É difícil precisar, em poucas palavras, o que representa o Tempo para o homem não religioso das sociedades modernas. Não
é nosso propósito falar das filosofias modernas do Tempo, nem dos conceitos que a ciência contemporânea utiliza para suas
investigações. Nosso objetivo não é comparar sistemas ou filosofias, mas sim comportamentos existenciais. Ora, o que se
pode constatar relativamente a um homem não religioso é que também ele conhece certa descontinuidade e heterogeneidade
do Tempo. Também para ele existe o tempo predominantemente monótono do trabalho e o tempo do lazer e dos
espetáculos, numa palavra o “tempo festivo”. Também ele vive em ritmos temporais variados e conhece tempos
diferentemente intensos: quando escuta sua música preferida ou, apaixonado, espera ou encontra a pessoa amada, ele
experimenta, evidentemente, um ritmo temporal diferente de quando trabalha ou se entedia.

Mas, em relação ao homem religioso, existe uma diferença essencial: este último conhece intervalos que são “sagrados”,
que não participam da duração temporal que os precede e os sucede, que têm uma estrutura totalmente diferente e outra
“origem”, pois se trata de um tempo primordial, santificado pelos deuses e suscetível de tornar-se presente pela festa. Para
um homem não religioso essa qualidade transhumana do tempo litúrgico é inacessível. Para o homem não religioso o
Tempo não pode apresentar nem ruptura, nem “mistério”: constitui a mais profunda dimensão existencial do homem, está
ligado à sua própria existência, portanto tem um começo e um fim, que é a morte, o aniquilamento da existência. Seja qual
for a multiplicidade dos ritmos temporais que experimenta e suas diferentes intensidades, o homem não religioso sabe que
se trata sempre de uma experiência humana, onde nenhuma presença divina se pode inserir.

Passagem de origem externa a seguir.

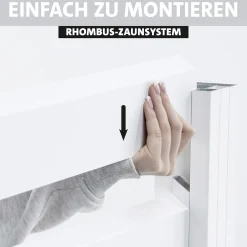 Ambiente Alu-Zaun Grundset Rhombus MAXI 187 x 184,2 cm weiß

Para o homem religioso, ao contrário, a duração temporal profana pode ser “parada” periodicamente pela inserção, por meio
dos ritos, de um Tempo sagrado, não histórico (no sentido de que não pertence ao presente histórico). Tal como uma igreja
constitui uma ruptura de nível no espaço profano de uma cidade moderna, o serviço religioso que se realiza no seu interior
marca uma ruptura na duração temporal profana: já não é o Tempo histórico atual que é presente – o tempo que é vivido,
por exemplo, nas ruas vizinhas –, mas o Tempo em que se desenrolou a existência histórica de Jesus Cristo, o tempo
santificado por sua pregação, por sua paixão, por sua morte e ressurreição. É preciso, contudo, esclarecer que este exemplo
não explicita toda a diferença existente entre o Tempo profano e o Tempo sagrado, pois, em relação às outras religiões, o
cristianismo inovou a experiência e o conceito do Tempo litúrgico ao afirmar a historicidade da pessoa do Cristo. A liturgia
cristã desenvolve-se num tempo histórico santificado pela encarnação do Filho de Deus. O Tempo sagrado, periodicamente
reatualizado nas religiões pré-cristãs (sobretudo nas religiões arcaicas), é um Tempo mítico, quer dizer, um Tempo
primordial, não identificável no passado histórico, um Tempo original, no sentido de que brotou “de repente”, de que não
foi precedido por um outro Tempo, pois nenhum Tempo podia existir antes da aparição da realidade narrada pelo mito.